McIlroy pens another dominating performance

By Jason SobelNovember 25, 2012, 6:38 pm

With an indisputable No. 1 atop the list of Best Golfers in the World, leaving the rest of the global population battling for position somewhere below, the greatest competition in golf may now be found in the form of players, media and fans attempting to climb and writhe their way past each other in choosing the perfect superlative for him.

Some will call Rory McIlroy 'mercurial' in the wake of his five-birdie finish to win the DP World Tour Championship on Sunday. Others will label him 'commanding' for a season that concludes with him not only first in the Official World Golf Ranking, but sweeping both the PGA Tour and European money lists.
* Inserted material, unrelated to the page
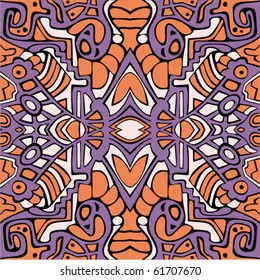 Abstract design, mosaic texture.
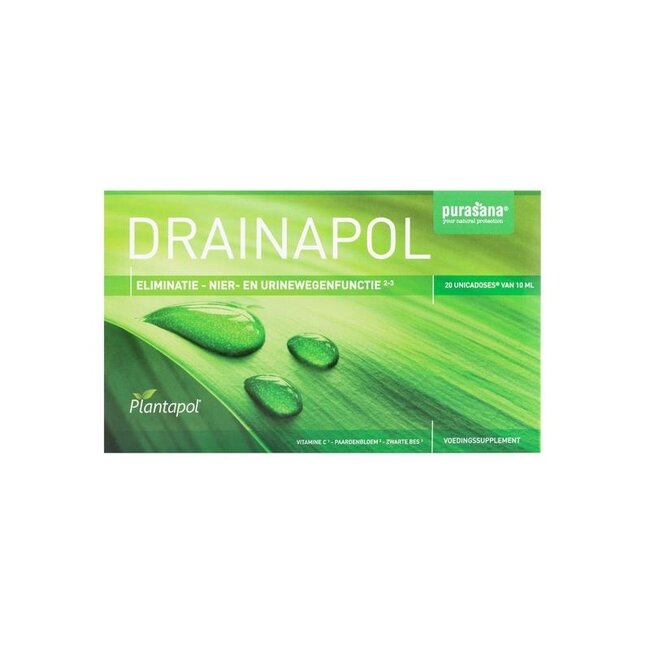 Purasana Plantapol Drainapol 20 Fiale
Justin Rose, whose course-record 62 was only good enough for second place, opted to call the performance “class.” Luke Donald, who played alongside McIlroy in the final round, went with “amazing.” Their fellow Ryder Cup teammates Francesco Molinari and Nicolas Colsaerts respectively chose “inspirational” and “unreal.”

Good news: There are no losers in this competition, other than those unwilling to recognize Rory’s current superiority. (If such people actually do exist, they’re clearly failing the ever-discerning eyeball test.)
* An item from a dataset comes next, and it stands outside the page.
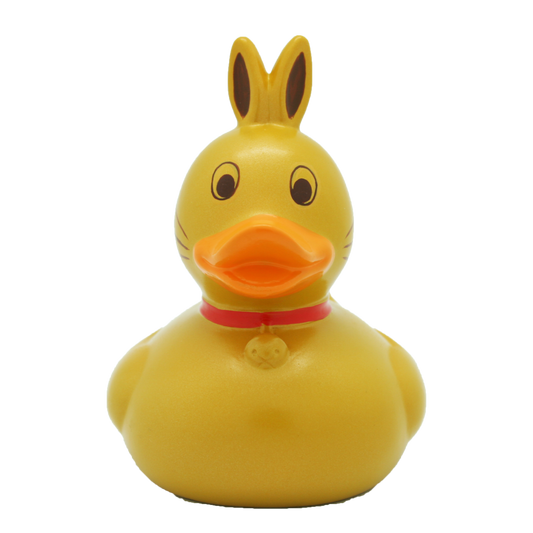 Gold rabbit duck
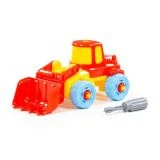 Loader Construction Toy Set - 20 Pieces, Model 77103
The struggle for suitable superlatives should sound familiar, because it wasn’t so long ago that Tiger Woods was garnering similar attention. Comparisons and contrasts between Woods in his 1996-2009 form and McIlroy right now come fast and easy, even if the latter blanches at such correlations. They are alike in that both players have warranted excessive expectations, only to exceed them. They are dissimilar in that Woods often owned a propensity to win with something less than his “A” game. McIlroy will miss more cuts and play to a more mediocre level when he doesn’t have his best stuff, but when he does everyone else is usually playing for second place.

Maybe it’s splitting hairs, but those trying to apply specific adjectives to each player could label Tiger 1.0 as more “consistent” while Rory takes the edge in “torridness.” In either case, both descriptions lead to each being called “dominant,” which conjures the main theme here.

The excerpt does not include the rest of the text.